Philosophy is just people who love to argue. Okay, so let’s start with Hart’s argument who is representing the legal positivist side. He says that because morality is not essential for the law to have legitimate legal character, the immoral nature of the Nasty law does not detract from the legal validity it had. When the court invalidated Nasty law because it was “too evil”, Hart says it encourages an unrealistic optimism that we can maintain all of our moral ideals without making any sacrifices or compromises.

In reality, complicated legal cases are not that simple. Oftentimes, what we’re faced with is a moral dilemma, choice “between two evils” , there is no good choice.

In the Grudge Informer case, the two evils are to either let the immoral Nasty woman go unpunished because her actions were legal when she performed them, or the court must overturn legitimate law by introducing a retroactive statute, and potentially set a bad precedent for the future where it becomes easier to punish people in the past.

In Hart’s eyes, legal positivism is the only legal theory that doesn’t try to hide this moral dilemma. It acknowledges the true nature of the unfortunate situation by saying, “The law is still a valid law, but it’s too evil to be obeyed.” He also thinks that believing evil laws retain legal authority but are too evil to obey is much more intuitive than believing evil laws have zero legal authority.

In Fuller’s response, as a natural law theorist, he asks a good question: Why are we always talking about individual laws? What about the legal process? The legal system?

He posits that a genuine legal system must have internal morality, that is, the morality of the law’s procedural structure, and this genuineness consists of eight necessary factors

  1. Generality:

Laws should apply to all situations that fit its description. For example, if the law is “whenever you eat broccoli, your mom goes to a Yung Gravy concert” then every time you eat broccoli, your mom should be getting hit on.

2. Publicity:

The law must be generally available and publicly published so that people know how to follow the law, and criticize it if they need to

3. Non-retroactivity:

Most laws must be prospective, not retroactive (omitting special circumstances, like the Grudge Informer Case).

4. Clarity:

Laws must be easily understandable so people know what they mean. This is why laws are not written in wingdings, as fun as that would be.

5. Non-contradiction:

Laws cannot contradict each other.

6. Possibility of compliance:

Laws can only require behaviour that is actually possible.

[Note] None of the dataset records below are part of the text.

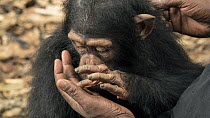Chimpanzee (Pan troglodytes) orphan Daphne with keeper's hand, Ape Action Africa, Mefou Primate Sanctuary, Cameroon
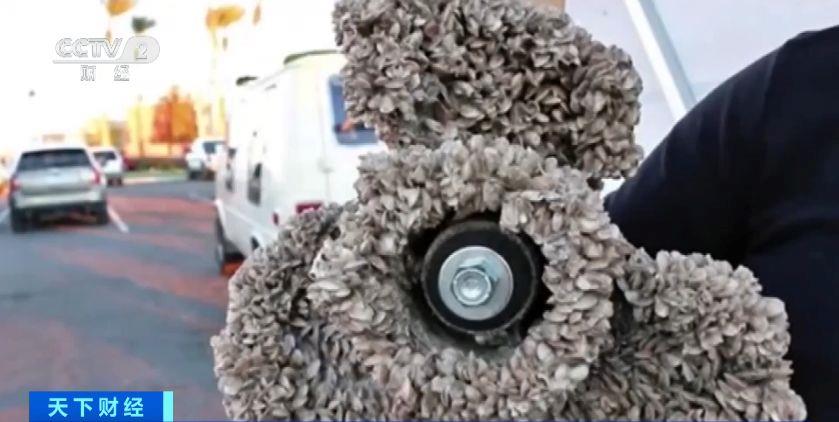 瑞士多個湖泊遭外來物種夸加貽貝入侵 生態(tài)系統與基礎設施遭破壞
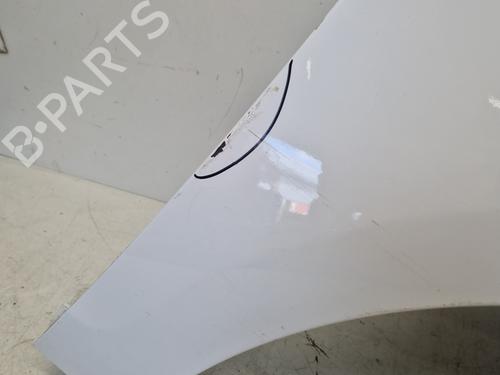 Right front fenders RENAULT SCÉNIC III (JZ0/1_) 1.5 dCi | BP29363590C42 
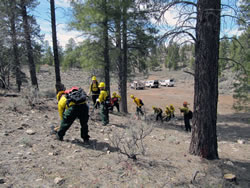 Students practice clearing fireline.
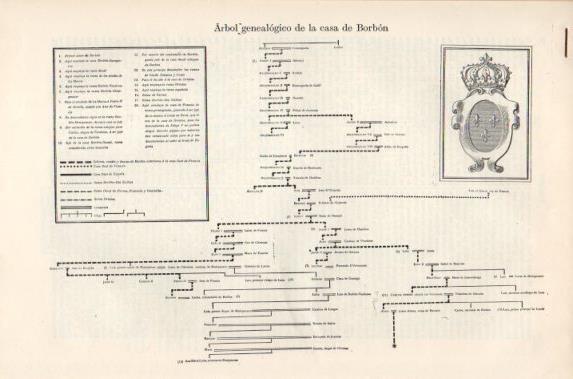 LAMINA V40929: Entrada arbol genealogico de la casa de Borbon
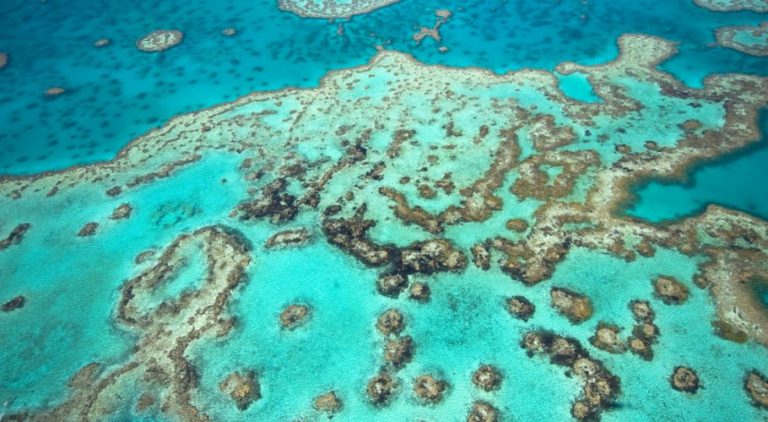 Great Barrier Reef – Seven Wonders | 7 Wonders of the World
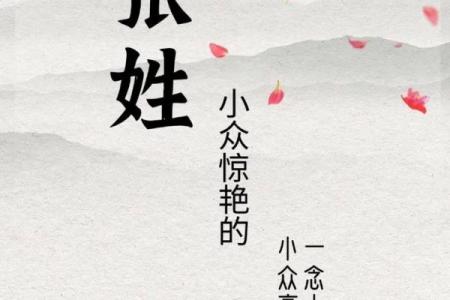 张姓女孩名字大全-张姓女孩起名字大全-张姓名字大全姓名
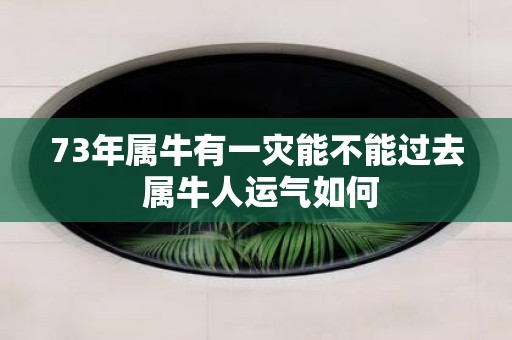 73年属牛有一灾能不能过去 属牛人运气如何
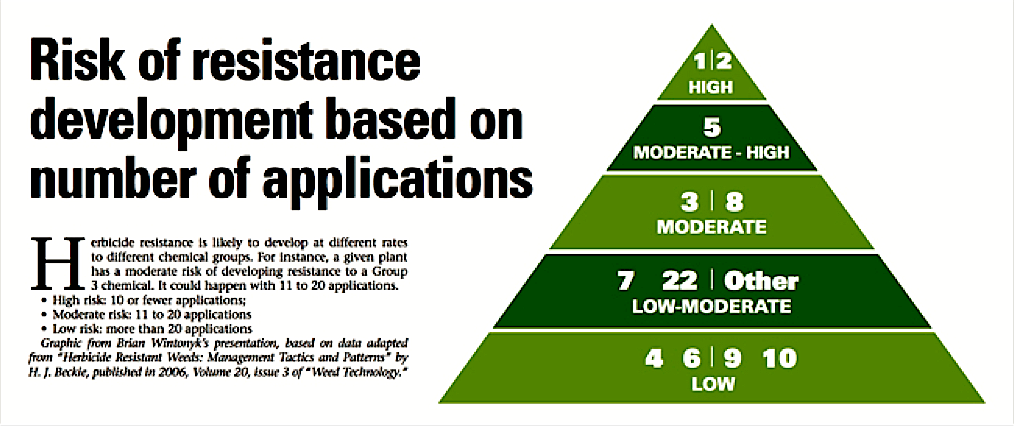 risk resistance | workshop | Dawson Creek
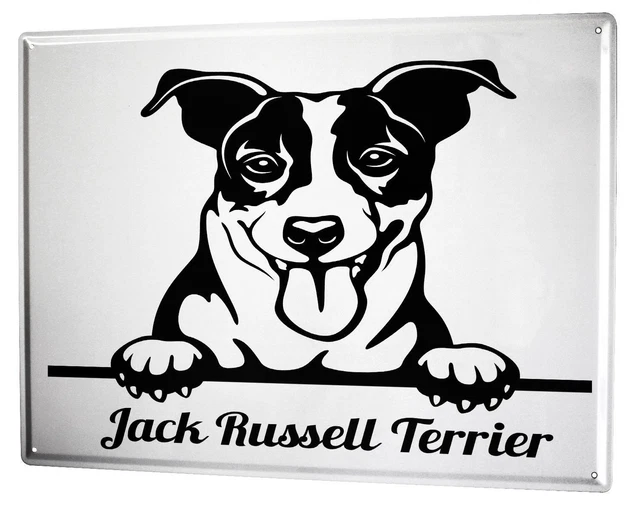 Targa In Metallo Bombata 12x18 Cm - Cane Di Questa Casa Custodito Jack Russell, Prodotta In Germania - 4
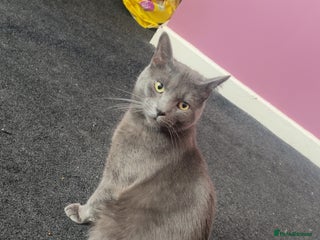 British Shorthair cats British shorthair - Ash - Advert 1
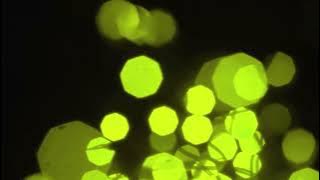 4K Yellow Green Bokeh Stock Footage Free Download -lights background #stockfootage   #stockvideofree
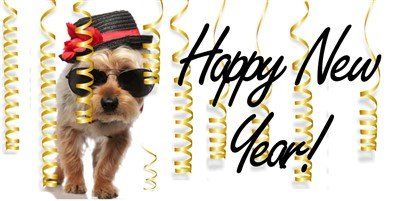 Yorkshire Terrier New Year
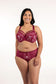 Tasha FlexWire Plunge Bra, I-N Cup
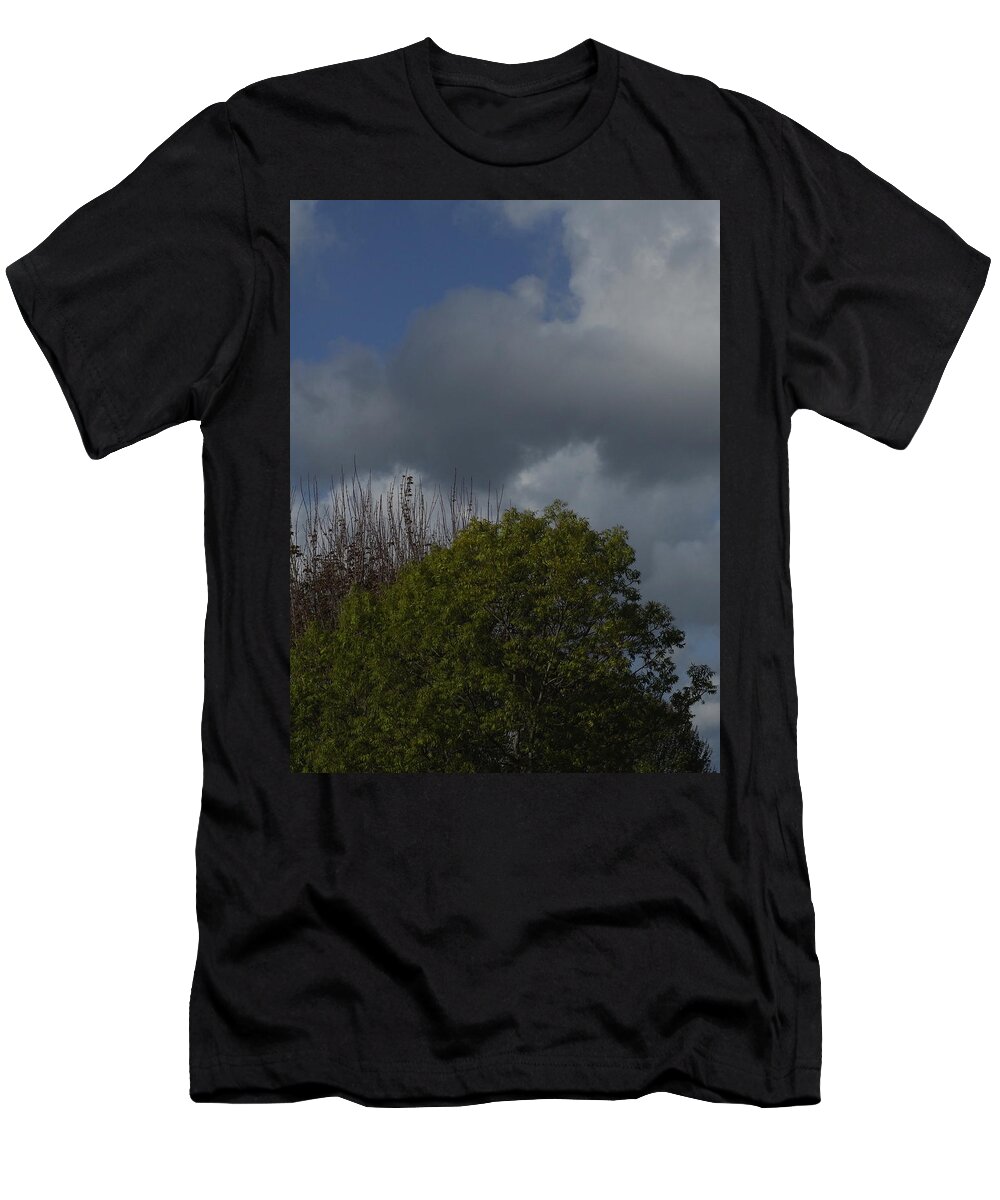  T-Shirt featuring the photograph Cumulus 14 and Trees by Richard Thomas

7. Constancy through time:

Laws should not change abruptly or frequently.

8. Congruence:

What officials actually do should match what the law says.

It was very clear to Fuller, and many other legal scholars, that the Nasty legal system lacked internal morality. For instance, since verbal orders from Hitler could override or distort the interpretation of any formally published law, the meaning of all laws were “secret” in some sense. This demonstrates the law’s lack of publicity, consistency, and congruence. The Nastys also enshrined the “sound perception of the people” into their law. This basically let the people aka pureblood Germans to criminalize actions that weren’t even illegal in the written law. If they felt that an action was unjust or that it endangered the national community, it was considered legitimate justification for sentencing someone to jail or even death, regardless of what was written in statues.

The Nastys thought the German race had a natural understanding of justice that other races just didn’t have. As Nasty jurist Heinz Hildebrandt so wonderfully put it:

“The initial point of National Socialism is neither the individual nor humanity, but the entire German people; its aim is the securing and promotion of the German blood-community .The outcome of this are certain principles of law Recht. Firstly, the unconditional alignment of the correctness of law with the general good and the future of the German blood-community; secondly, the constant evaluative primacy of
the correctness of law over legal security; and thirdly: the increased acceptance of legal flexibility over legal constancy!”

Because the Nasty legal system failed so hard at meeting Fuller’s eight factors, then he says it’s okay to retroactively punish
the woman in the Grudge Informer Case. The laws she followed were illegitimate as a result of the procedures that created them.

Fuller thinks it’s quite contradictory of Hart to recognize the moral urgency of the case and hence agree to punish the woman’s actions yet simultaneously refuse to call Nasty law invalid. The positivist motto that “This is legitimate law but it is so evil we will refuse to apply it’” is weird to Fuller, because why are you refusing to apply a law you deem is valid?

If you’re going to punish people retroactively, then those past laws that have now become punishable must necessarily become regarded as void of legitimacy and authority.

A retroactive statute represents a clean separation between past law and current law. Only then can we isolate the old immoral regime, and allow people to build respect again for the current “normal” judicial process again.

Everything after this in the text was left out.